The pure financial aspect becomes more important for non-musicians or institutions who have to consider the investment potential of an instrument. The decision becomes more focussed on potential future value and ease of selling, making it more important to buy an instrument with reliable guarantees. Of course most individuals and institutions will enjoy non-financial returns from their investment. Even if it is owned as an investment, one of the best places to store a stringed instrument is in the hands of a player who nurtures it and continues to make sure that it produces the best sound it can. So, non-financial returns can come from listening to the player delight thousands with a sound that he or she could not make with a lesser instrument. Buying a violin, viola or cello and lending it to a young virtuoso can be a great way of sponsoring the arts, because there are potential financial gains from owning a physical object, rather than potential losses from sinking money into, for example, an art exhibition or theatre production. As well as the financial gains, the owner of the instrument may hear it played to its full potential at private concerts given by the player.

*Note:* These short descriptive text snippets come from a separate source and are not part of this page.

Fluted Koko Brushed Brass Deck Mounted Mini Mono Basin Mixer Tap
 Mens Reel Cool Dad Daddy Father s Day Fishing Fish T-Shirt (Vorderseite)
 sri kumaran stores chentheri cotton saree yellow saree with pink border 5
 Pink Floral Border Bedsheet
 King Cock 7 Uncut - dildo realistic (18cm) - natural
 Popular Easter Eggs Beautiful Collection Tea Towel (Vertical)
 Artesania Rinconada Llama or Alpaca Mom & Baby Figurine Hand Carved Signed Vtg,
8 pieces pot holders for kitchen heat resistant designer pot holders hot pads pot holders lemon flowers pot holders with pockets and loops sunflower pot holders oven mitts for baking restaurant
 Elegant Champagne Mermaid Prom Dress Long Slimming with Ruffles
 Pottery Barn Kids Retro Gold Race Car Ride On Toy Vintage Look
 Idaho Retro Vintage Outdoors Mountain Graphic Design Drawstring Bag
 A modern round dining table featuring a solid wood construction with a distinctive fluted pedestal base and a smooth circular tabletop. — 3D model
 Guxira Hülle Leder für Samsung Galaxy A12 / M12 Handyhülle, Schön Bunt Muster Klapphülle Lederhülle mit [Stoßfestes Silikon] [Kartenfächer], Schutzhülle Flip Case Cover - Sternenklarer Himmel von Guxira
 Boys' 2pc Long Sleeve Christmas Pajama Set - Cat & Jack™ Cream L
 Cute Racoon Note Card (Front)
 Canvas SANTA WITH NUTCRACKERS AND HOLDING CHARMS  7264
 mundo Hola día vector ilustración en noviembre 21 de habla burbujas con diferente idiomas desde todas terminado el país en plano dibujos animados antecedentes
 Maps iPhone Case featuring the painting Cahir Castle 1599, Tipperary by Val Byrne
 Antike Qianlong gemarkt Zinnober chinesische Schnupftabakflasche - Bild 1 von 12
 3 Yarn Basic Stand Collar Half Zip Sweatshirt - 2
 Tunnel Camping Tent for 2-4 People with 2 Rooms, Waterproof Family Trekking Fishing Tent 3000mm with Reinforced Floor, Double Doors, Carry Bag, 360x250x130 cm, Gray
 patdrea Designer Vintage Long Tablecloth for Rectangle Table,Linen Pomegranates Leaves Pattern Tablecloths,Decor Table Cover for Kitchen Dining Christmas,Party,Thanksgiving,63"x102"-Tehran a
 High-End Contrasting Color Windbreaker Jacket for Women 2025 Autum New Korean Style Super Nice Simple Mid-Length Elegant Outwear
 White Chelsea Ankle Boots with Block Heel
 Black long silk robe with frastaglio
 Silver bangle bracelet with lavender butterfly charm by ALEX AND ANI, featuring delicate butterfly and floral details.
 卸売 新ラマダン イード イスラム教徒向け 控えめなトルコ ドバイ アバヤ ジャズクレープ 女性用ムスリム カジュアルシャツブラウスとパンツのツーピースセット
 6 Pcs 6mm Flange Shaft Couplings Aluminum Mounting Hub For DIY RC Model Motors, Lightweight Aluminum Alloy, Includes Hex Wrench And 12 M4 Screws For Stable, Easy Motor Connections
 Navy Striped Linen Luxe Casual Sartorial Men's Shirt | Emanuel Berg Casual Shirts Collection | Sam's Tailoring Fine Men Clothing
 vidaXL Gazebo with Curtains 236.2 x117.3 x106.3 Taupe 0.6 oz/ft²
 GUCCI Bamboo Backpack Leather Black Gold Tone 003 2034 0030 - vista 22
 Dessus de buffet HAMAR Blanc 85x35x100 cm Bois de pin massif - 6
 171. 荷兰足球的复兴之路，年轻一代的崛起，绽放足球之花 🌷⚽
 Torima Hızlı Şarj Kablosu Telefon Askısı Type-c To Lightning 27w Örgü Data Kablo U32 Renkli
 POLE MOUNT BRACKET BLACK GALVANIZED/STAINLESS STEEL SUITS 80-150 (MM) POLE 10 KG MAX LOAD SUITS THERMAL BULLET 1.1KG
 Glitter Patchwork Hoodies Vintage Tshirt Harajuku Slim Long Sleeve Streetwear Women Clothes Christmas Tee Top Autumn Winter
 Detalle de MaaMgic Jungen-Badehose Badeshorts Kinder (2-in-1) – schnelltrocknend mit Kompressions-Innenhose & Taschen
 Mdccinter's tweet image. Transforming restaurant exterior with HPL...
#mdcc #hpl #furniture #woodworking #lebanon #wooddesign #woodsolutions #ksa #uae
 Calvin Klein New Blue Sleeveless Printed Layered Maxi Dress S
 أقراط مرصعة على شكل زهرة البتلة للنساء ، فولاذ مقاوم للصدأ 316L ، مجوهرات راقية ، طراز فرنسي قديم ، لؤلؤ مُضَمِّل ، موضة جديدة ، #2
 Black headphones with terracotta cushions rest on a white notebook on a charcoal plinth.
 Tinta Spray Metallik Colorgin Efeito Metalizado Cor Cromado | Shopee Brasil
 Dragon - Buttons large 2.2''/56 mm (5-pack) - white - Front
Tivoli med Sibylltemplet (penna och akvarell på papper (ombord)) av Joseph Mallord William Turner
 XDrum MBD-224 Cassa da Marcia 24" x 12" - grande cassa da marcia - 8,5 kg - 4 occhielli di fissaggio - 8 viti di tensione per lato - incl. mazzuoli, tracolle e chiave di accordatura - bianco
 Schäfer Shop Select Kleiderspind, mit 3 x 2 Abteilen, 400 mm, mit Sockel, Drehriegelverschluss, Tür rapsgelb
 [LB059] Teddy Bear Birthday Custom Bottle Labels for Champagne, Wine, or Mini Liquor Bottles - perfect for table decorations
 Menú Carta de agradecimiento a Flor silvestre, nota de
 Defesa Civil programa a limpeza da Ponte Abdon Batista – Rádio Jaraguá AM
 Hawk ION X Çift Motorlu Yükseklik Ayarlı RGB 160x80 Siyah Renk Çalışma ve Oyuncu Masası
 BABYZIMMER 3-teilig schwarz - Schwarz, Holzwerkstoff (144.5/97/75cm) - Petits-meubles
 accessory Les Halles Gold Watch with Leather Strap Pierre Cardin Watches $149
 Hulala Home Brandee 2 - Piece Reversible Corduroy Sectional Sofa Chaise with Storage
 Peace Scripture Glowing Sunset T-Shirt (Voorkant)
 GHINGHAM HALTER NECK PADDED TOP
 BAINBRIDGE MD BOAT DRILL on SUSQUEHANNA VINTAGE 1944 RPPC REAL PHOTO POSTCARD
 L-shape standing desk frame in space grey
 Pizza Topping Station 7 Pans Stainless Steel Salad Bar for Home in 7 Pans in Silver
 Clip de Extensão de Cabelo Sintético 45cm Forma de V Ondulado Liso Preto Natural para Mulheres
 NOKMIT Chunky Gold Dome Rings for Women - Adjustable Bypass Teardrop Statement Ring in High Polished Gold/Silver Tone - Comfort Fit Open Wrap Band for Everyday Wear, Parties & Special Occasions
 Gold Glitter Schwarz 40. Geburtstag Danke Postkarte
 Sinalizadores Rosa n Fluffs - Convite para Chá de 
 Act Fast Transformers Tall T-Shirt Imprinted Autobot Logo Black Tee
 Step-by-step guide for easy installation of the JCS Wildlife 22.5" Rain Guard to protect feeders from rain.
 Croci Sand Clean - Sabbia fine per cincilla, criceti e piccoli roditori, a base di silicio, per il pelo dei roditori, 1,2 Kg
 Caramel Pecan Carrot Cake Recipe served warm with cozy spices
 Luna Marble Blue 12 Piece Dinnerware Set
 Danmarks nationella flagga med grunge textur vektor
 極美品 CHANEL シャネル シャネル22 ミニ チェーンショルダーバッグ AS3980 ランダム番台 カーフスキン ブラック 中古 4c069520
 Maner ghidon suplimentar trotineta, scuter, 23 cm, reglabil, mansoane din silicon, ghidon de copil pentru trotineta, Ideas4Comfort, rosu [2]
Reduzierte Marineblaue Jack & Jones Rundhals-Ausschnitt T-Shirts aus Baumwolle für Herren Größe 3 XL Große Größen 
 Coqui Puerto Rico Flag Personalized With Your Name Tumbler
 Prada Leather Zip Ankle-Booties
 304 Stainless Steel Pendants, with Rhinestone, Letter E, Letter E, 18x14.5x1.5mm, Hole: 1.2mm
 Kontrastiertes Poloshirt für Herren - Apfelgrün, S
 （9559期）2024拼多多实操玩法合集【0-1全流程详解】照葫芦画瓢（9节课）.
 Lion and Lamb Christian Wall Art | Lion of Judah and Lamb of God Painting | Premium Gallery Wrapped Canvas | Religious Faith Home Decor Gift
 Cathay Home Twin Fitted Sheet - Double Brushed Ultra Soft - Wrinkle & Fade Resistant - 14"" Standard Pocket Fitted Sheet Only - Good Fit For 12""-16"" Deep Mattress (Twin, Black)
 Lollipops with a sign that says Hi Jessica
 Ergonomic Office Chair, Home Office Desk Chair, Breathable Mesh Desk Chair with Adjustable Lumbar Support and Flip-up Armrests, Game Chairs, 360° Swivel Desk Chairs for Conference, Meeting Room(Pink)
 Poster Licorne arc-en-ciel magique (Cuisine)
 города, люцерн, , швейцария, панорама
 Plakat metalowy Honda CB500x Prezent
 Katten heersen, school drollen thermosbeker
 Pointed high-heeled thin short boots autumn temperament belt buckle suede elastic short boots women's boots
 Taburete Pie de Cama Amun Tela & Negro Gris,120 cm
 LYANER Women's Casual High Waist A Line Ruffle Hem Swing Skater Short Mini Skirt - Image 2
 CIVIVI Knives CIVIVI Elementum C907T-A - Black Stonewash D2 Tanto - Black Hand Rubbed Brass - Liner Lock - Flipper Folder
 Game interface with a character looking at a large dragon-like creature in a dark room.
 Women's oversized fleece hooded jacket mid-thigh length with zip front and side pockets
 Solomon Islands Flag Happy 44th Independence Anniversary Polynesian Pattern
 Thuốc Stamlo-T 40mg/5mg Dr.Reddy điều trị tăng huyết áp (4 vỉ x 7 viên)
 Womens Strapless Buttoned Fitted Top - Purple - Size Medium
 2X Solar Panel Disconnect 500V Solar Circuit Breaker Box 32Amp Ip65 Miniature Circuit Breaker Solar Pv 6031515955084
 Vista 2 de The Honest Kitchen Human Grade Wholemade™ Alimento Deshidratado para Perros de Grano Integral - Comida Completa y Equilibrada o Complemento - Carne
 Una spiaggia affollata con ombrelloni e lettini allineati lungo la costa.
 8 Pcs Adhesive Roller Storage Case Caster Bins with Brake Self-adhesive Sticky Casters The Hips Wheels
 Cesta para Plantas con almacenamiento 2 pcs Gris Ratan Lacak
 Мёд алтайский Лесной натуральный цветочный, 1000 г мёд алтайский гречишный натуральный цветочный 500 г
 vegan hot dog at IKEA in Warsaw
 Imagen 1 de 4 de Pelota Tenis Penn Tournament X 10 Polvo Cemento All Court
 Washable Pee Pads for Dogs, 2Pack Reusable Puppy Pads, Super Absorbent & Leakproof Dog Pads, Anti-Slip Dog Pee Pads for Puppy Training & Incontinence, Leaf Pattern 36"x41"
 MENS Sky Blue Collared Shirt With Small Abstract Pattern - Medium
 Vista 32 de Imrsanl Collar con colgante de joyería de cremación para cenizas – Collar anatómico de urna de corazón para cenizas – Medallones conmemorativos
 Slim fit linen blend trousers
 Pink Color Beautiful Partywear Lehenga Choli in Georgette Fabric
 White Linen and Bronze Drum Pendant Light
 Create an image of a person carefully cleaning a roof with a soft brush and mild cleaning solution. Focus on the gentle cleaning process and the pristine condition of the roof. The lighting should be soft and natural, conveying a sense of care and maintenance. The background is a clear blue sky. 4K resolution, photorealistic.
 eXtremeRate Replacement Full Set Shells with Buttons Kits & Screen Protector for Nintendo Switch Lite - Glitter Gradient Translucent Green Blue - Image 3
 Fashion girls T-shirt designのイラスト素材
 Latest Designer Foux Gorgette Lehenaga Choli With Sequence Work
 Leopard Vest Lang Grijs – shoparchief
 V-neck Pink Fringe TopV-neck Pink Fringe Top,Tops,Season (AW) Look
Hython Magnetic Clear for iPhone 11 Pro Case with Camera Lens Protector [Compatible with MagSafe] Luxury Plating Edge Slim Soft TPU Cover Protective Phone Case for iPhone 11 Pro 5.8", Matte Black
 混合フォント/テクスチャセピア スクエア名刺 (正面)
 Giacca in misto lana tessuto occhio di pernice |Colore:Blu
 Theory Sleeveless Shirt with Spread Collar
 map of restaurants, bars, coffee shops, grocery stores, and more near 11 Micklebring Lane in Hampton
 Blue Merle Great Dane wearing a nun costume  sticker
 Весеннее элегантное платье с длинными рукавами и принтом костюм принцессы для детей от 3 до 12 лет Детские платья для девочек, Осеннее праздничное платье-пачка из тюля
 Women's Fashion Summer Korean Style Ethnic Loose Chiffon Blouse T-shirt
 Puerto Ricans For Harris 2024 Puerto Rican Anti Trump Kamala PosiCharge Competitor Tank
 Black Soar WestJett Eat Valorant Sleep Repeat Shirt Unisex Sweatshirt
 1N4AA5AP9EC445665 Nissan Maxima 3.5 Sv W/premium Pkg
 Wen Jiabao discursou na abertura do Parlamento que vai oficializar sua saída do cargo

One of the best ways to put money into a stringed instrument is to join a syndicate which buys one for a promising young player, using a structure very similar to racehorse investment schemes. Nigel Kennedy was able to play on his first Stradivarius thanks to a scheme like this. Violins, unlike racehorses, last hundreds of years, and musicians usually take great care of them. For some, the excitement of hearing a star player’s debut can easily rival backing a winner at the races.
The musician usually contributes a proportion of the cost, and the other investors are free to sell their share at any time. The player looks after insurance and maintenance and also has the right to buy a proportion every year, at an agreed market value. Instruments usually sound their best and are more saleable when they are played and nurtured by a first class musician.
Krysia Osostowicz, violinist with the Dante Quartet, and soloist, felt eight years ago that her current violin was no longer able to produce the sounds that she demanded of it. She found a violin made by Francisco Goffriller, fell in love with it, but had to find help to meet half of the price. She managed to find nine other people to invest in it, including her husband, some old school friends, a retired surgeon, and a QC. In the end she was approached by friends of people she had contacted who were keen to support a musician. She provides a newsletter every year for the investors, and pays a yearly administration fee for the trust which owns the instrument.
“I spent 15 years” she says “trying to coax the sound out of my previous violin. I found the Goffriller and suddenly found that I could be heard. It’s made a huge difference to my playing. It’s like having a new voice.”
What better reason is there for making an investment in a first class instrument?